Over 2014 the visualisation group, part of the Technology Division within SCD, has reconsidered the real visualisation needs of the computational sciences community. A series of informal and formal surveys are underway and the first small ones have tackled the Tomographic Imaging and CFD (Computational Fluid Dynamics) communities. These wanted to find out which tools were actually being used and the best methods to support them. A global CCP survey was also undertaken and a discussion video conferencing presentation for this occured just before Christmas 2014.

Resbannerxmas l.jpg

Executive Summary

Key was a difference between choice of primary and secondary package:

  • Three packages are the most-used packages by 26% of respondents.
  • Conversely, another 31 packages are used by one or two users and account for a further 26% of respondents.

Producing publication quality plots is the most-used technique. However, the features making these packages the favourites are:

  1. Software that is written specifically for their domain of interest.
  2. Large datasets are handled efficiently.
  3. Scripting or other ability to extend the tool is required.

Users second most favoured packages are general purpose visualisation tools.

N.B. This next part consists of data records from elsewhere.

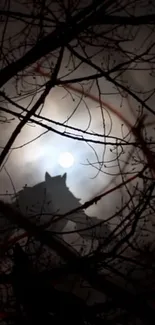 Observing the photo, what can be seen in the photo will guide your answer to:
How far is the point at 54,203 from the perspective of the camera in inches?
155

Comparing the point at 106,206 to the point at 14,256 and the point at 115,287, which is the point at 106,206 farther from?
the point at 14,256

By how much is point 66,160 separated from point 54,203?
1.38 feet

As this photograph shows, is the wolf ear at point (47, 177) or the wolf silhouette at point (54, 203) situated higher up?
the wolf ear at point (47, 177)

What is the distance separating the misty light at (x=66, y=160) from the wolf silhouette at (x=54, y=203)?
0.30ft

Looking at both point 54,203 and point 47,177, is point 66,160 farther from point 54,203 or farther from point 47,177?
point 54,203

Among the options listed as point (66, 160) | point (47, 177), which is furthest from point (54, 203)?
point (66, 160)

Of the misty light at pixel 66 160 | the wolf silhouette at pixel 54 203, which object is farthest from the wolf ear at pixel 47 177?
the misty light at pixel 66 160

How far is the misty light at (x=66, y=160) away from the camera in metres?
3.82

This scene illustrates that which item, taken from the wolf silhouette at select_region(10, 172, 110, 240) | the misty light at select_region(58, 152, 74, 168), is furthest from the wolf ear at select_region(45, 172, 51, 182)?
the misty light at select_region(58, 152, 74, 168)

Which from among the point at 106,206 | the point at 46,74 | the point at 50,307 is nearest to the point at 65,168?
the point at 106,206

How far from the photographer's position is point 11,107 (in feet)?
12.4

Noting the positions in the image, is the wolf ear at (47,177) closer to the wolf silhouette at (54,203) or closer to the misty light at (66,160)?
the wolf silhouette at (54,203)

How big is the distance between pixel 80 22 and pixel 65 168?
1.44 metres

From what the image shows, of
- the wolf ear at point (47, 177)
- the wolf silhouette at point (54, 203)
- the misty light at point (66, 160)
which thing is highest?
the misty light at point (66, 160) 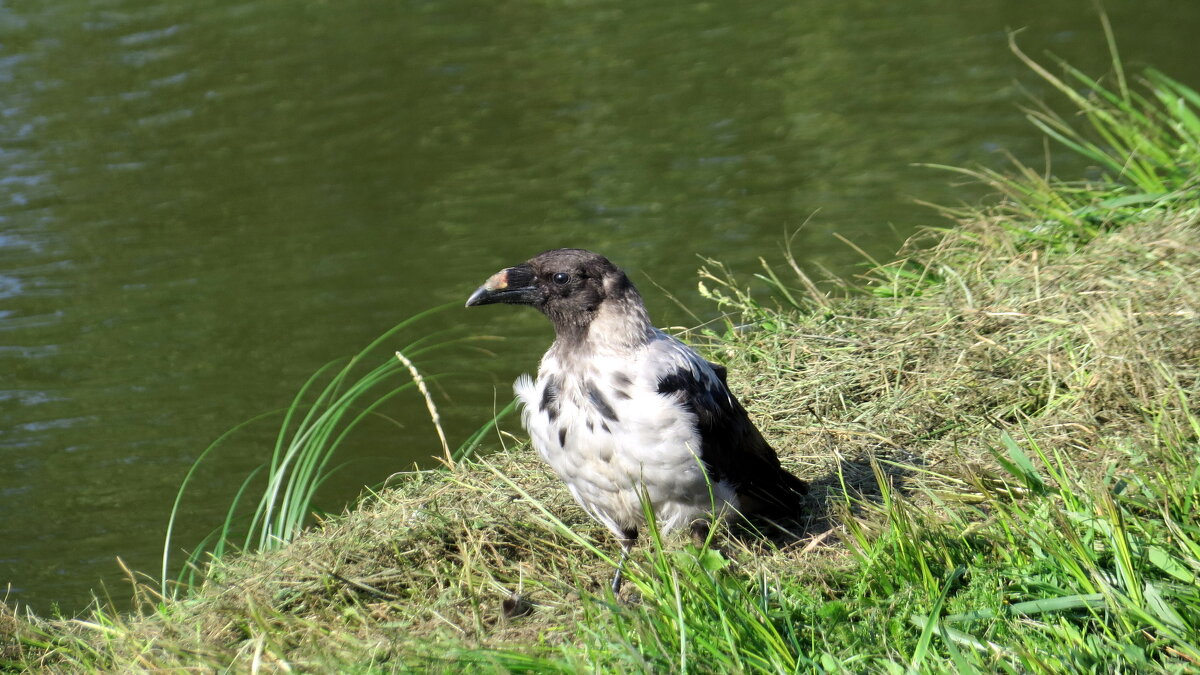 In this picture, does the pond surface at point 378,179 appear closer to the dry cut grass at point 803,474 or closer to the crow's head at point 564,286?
the dry cut grass at point 803,474

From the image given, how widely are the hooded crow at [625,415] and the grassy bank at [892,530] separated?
173mm

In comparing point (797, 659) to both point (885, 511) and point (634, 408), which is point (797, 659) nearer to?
point (885, 511)

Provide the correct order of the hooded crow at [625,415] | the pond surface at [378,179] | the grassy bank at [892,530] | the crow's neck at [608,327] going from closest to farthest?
the grassy bank at [892,530], the hooded crow at [625,415], the crow's neck at [608,327], the pond surface at [378,179]

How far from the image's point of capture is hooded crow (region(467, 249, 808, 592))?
11.9ft

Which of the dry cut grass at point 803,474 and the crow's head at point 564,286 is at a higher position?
the crow's head at point 564,286

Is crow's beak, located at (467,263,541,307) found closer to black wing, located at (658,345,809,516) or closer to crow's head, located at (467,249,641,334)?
crow's head, located at (467,249,641,334)

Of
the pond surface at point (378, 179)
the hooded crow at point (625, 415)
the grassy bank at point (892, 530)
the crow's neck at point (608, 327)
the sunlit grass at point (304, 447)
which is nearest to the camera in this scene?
the grassy bank at point (892, 530)

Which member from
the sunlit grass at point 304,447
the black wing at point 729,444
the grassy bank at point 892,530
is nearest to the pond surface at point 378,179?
the sunlit grass at point 304,447

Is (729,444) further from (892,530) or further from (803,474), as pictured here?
(803,474)

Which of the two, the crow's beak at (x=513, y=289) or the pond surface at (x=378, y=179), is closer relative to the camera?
the crow's beak at (x=513, y=289)

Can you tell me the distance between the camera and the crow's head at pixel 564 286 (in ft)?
12.5

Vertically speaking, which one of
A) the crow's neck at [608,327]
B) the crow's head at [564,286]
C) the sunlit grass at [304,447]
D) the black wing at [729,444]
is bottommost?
the sunlit grass at [304,447]

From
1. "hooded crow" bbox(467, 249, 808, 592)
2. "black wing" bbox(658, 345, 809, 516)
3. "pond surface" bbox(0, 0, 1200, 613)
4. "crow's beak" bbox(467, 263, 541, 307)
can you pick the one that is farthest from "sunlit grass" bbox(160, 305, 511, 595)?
"black wing" bbox(658, 345, 809, 516)

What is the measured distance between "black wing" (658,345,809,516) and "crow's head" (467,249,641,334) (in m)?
0.31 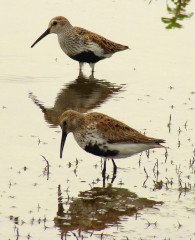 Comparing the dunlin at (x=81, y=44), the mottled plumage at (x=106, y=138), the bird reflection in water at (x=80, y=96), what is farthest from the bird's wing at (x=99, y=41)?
the mottled plumage at (x=106, y=138)

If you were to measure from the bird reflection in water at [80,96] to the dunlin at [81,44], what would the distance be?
0.67 m

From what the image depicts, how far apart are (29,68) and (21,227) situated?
28.5 feet

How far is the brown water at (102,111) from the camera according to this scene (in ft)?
26.9

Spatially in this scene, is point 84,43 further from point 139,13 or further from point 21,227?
point 21,227

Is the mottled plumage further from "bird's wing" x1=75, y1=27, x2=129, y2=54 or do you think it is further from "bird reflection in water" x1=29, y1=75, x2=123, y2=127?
"bird's wing" x1=75, y1=27, x2=129, y2=54

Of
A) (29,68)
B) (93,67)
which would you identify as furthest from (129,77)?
(29,68)

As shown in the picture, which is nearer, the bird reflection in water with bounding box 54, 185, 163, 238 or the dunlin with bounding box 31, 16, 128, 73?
the bird reflection in water with bounding box 54, 185, 163, 238

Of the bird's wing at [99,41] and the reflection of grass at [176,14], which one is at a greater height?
the reflection of grass at [176,14]

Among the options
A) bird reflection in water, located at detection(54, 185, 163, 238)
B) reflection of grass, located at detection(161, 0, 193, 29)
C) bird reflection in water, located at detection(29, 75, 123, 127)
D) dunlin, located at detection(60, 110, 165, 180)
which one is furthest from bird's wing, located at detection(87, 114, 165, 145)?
reflection of grass, located at detection(161, 0, 193, 29)

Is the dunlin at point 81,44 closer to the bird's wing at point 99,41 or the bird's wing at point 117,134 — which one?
the bird's wing at point 99,41

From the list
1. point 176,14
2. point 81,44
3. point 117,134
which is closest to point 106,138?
point 117,134

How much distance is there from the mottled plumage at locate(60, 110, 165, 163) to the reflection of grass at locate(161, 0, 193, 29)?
37.3 feet

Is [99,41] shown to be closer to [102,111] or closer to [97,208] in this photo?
[102,111]

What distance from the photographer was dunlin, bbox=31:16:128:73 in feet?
53.5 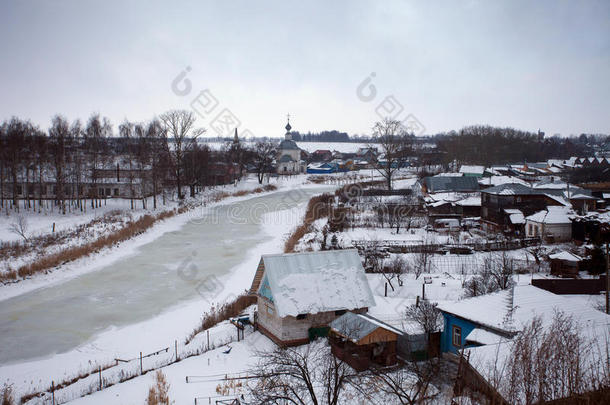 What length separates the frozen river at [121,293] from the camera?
37.7 ft

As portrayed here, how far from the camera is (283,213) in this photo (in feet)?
101

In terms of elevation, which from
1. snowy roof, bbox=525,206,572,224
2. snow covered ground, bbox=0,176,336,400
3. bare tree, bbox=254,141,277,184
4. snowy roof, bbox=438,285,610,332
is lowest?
snow covered ground, bbox=0,176,336,400

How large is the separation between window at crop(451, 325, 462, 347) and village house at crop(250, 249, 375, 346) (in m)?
2.17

Users were given five options for selecting their most required development. None emerged as being more needed than the others.

Conversely, large amounts of memory was clearly the most important requirement for high performance visualisation.

The main future challenges are suggested to be

  1. The ability to handle large amounts of data
  2. The ability to operate in a distributed environment.


Survey Presentation

Surprisingly, open source was not always the most important issue but the easy creation of plug-ins, new readers and writers, as well as analysis tools have been requested. There was also indicated a strong growth in the use of the ParaView visualisation system (http://www.paraview.org/) that is an open source, multi-platform data analysis and visualisation application where users can build systems including adding qualitative and quantitative techniques.


Q1 Home institutions

The wordle gives an indication of the distribution,

CCPSlide35.JPG

but the institution links allows us to see the extremely long tail that makes the statistics not a power law relationship.

CCPSlide36.JPG

Zooming in we can see the individual major establishments.

CCPSlide37.JPG


Q2 Which CCP(s) are you involved with?

Looking at the 'old' CCPs there were very few responses which indicates users have moved on to new CCPs or institution facilities.


CCPSlide39.JPG

The newer and therefore more current organisations have a larger response; with CCP5 and CCP9 being popular source code repositories and ISIS and CLF being popular user communities.

CCPSlide40.JPG


Q3 What software do you use for visualisation of data?

Looking at the usage with both 'frequent' and 'essential' categories then we have the following curve.

CCPSlide41.JPG

again we can zoom in and see in more detail the most popular tools.

CCPSlide42.JPG

But removing the frequent and just looking at 'essential' tools the graph is very different and shows how different user communities use different tools.

CCPSlide43.JPG

A wordle can also be useful to spot your favourite tools

CCPSlide44.JPG

When asked about other tools there is an even longer tail to be found.

CCPSlide45.JPG

The three most often used tools (gnuplot, MATLAB, Jmol) account for 26% of the responses and conversely, there is a tail of 31 packages that also accounts for 26% of the responses. Similarly the top four Essential tools (gnuplot, MATLAB, VMD, xmgrace) account for 42% of the responses. We need to ask why is there a long tail? Are there any useful features provided by the less popular tools that are not provided by gnuplot, MATLAB or Jmol? This is answered in the comments of questions 5 and 6.


Q4 What visualisation techniques are important to your work?

CCPSlide47.JPG

This is less radical when we also add the 'occasional' used techniques.

CCPSlide48.JPG

The most frequently used visualisation technique is to produce publication quality output. The facility to produce line graphs is equally important


Q5 Comments on the respondents' most used visualisation tool.

This section is converted into an interactive exploration. In summary 91 replies were given with the most commonly used tools, are:

Of the other tools, the major reasons for choosing them were:

  • ASE: quick and easy to use
  • Avogadro: open source
  • gnuplot: quick to use, scriptable
  • ImageJ: free, easy, plugins
  • Paraview: easy of use

A few observations can be drawn from these responses;

  1. Users will prefer software that is written specifically for their domain of interest.
  2. Large datasets must be handled efficiently.
  3. Scripting or other ability to extend the tool is required.
  4. Publication quality output is a valued bonus

Q6 Same as question 5, for any other tool used.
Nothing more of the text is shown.